Task inputs »
————————
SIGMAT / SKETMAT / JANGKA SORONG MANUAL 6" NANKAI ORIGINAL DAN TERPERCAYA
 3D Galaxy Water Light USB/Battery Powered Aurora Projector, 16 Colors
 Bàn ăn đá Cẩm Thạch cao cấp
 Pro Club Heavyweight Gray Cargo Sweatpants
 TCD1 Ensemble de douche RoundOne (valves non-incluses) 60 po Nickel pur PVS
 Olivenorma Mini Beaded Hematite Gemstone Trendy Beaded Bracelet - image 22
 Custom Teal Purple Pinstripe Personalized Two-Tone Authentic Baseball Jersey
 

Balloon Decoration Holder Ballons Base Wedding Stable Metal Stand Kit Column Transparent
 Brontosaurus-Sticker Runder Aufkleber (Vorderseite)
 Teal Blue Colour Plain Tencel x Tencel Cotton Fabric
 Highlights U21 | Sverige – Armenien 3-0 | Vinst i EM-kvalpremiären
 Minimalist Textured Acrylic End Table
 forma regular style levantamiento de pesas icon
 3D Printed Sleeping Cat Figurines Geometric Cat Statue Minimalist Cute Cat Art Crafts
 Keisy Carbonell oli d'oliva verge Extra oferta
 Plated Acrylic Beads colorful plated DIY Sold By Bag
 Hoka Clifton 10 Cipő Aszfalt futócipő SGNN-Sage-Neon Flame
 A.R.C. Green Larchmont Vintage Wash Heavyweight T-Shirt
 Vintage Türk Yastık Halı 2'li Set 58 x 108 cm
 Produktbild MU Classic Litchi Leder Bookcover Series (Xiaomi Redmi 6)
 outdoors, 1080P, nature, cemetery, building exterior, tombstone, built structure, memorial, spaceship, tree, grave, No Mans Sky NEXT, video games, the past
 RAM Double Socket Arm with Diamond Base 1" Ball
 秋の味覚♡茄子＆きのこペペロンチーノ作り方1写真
————————
Your assignment » Search the data above for the string "Heavyweight" and report each line that holds it.

Result »
 Pro Club Heavyweight Gray Cargo Sweatpants
 A.R.C. Green Larchmont Vintage Wash Heavyweight T-Shirt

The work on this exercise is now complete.